Task to complete
Give back exactly the lines of the entries below from the line with "Chemnitz - Zum" to the line with "İstanbul'da haftanın ilk", inclusive, and only those.

Data for review
______________________________

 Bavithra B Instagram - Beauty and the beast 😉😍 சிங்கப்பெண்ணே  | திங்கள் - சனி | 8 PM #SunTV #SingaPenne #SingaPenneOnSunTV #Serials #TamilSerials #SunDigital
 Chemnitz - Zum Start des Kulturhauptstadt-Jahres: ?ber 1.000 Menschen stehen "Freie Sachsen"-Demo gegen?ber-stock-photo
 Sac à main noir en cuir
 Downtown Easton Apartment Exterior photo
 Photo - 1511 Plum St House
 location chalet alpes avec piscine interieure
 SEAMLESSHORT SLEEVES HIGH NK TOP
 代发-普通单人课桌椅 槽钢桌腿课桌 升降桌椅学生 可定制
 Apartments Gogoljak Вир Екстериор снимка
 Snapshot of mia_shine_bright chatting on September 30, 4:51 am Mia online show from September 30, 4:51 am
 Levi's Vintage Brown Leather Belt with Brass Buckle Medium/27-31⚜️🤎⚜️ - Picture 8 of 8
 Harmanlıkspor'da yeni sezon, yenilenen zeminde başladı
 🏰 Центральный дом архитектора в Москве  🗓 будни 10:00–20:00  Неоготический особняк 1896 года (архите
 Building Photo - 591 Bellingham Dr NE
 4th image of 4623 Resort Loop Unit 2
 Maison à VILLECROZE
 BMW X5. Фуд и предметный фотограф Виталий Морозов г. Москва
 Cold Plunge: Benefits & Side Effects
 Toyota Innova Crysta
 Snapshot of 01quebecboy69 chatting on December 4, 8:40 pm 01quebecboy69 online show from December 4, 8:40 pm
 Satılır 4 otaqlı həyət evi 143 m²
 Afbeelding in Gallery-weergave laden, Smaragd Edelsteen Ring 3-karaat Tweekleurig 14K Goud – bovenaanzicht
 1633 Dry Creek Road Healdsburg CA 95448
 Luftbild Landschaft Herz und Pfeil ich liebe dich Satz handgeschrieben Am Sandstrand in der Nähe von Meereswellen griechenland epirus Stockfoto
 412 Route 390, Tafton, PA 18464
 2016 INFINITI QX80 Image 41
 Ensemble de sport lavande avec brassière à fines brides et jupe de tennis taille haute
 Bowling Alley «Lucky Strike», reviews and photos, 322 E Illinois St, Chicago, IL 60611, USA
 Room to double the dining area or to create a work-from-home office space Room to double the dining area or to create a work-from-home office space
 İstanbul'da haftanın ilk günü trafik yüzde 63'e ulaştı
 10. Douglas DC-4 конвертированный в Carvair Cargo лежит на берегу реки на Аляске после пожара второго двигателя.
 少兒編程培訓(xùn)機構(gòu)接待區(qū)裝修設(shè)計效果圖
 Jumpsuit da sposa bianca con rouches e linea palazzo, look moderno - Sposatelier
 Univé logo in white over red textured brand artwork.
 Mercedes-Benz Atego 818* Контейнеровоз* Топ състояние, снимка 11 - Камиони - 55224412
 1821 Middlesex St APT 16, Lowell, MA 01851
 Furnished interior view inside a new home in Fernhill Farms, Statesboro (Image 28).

______________________________

Answer for this exercise
 Chemnitz - Zum Start des Kulturhauptstadt-Jahres: ?ber 1.000 Menschen stehen "Freie Sachsen"-Demo gegen?ber-stock-photo
 Sac à main noir en cuir
 Downtown Easton Apartment Exterior photo
 Photo - 1511 Plum St House
 location chalet alpes avec piscine interieure
 SEAMLESSHORT SLEEVES HIGH NK TOP
 代发-普通单人课桌椅 槽钢桌腿课桌 升降桌椅学生 可定制
 Apartments Gogoljak Вир Екстериор снимка
 Snapshot of mia_shine_bright chatting on September 30, 4:51 am Mia online show from September 30, 4:51 am
 Levi's Vintage Brown Leather Belt with Brass Buckle Medium/27-31⚜️🤎⚜️ - Picture 8 of 8
 Harmanlıkspor'da yeni sezon, yenilenen zeminde başladı
 🏰 Центральный дом архитектора в Москве  🗓 будни 10:00–20:00  Неоготический особняк 1896 года (архите
 Building Photo - 591 Bellingham Dr NE
 4th image of 4623 Resort Loop Unit 2
 Maison à VILLECROZE
 BMW X5. Фуд и предметный фотограф Виталий Морозов г. Москва
 Cold Plunge: Benefits & Side Effects
 Toyota Innova Crysta
 Snapshot of 01quebecboy69 chatting on December 4, 8:40 pm 01quebecboy69 online show from December 4, 8:40 pm
 Satılır 4 otaqlı həyət evi 143 m²
 Afbeelding in Gallery-weergave laden, Smaragd Edelsteen Ring 3-karaat Tweekleurig 14K Goud – bovenaanzicht
 1633 Dry Creek Road Healdsburg CA 95448
 Luftbild Landschaft Herz und Pfeil ich liebe dich Satz handgeschrieben Am Sandstrand in der Nähe von Meereswellen griechenland epirus Stockfoto
 412 Route 390, Tafton, PA 18464
 2016 INFINITI QX80 Image 41
 Ensemble de sport lavande avec brassière à fines brides et jupe de tennis taille haute
 Bowling Alley «Lucky Strike», reviews and photos, 322 E Illinois St, Chicago, IL 60611, USA
 Room to double the dining area or to create a work-from-home office space Room to double the dining area or to create a work-from-home office space
 İstanbul'da haftanın ilk günü trafik yüzde 63'e ulaştı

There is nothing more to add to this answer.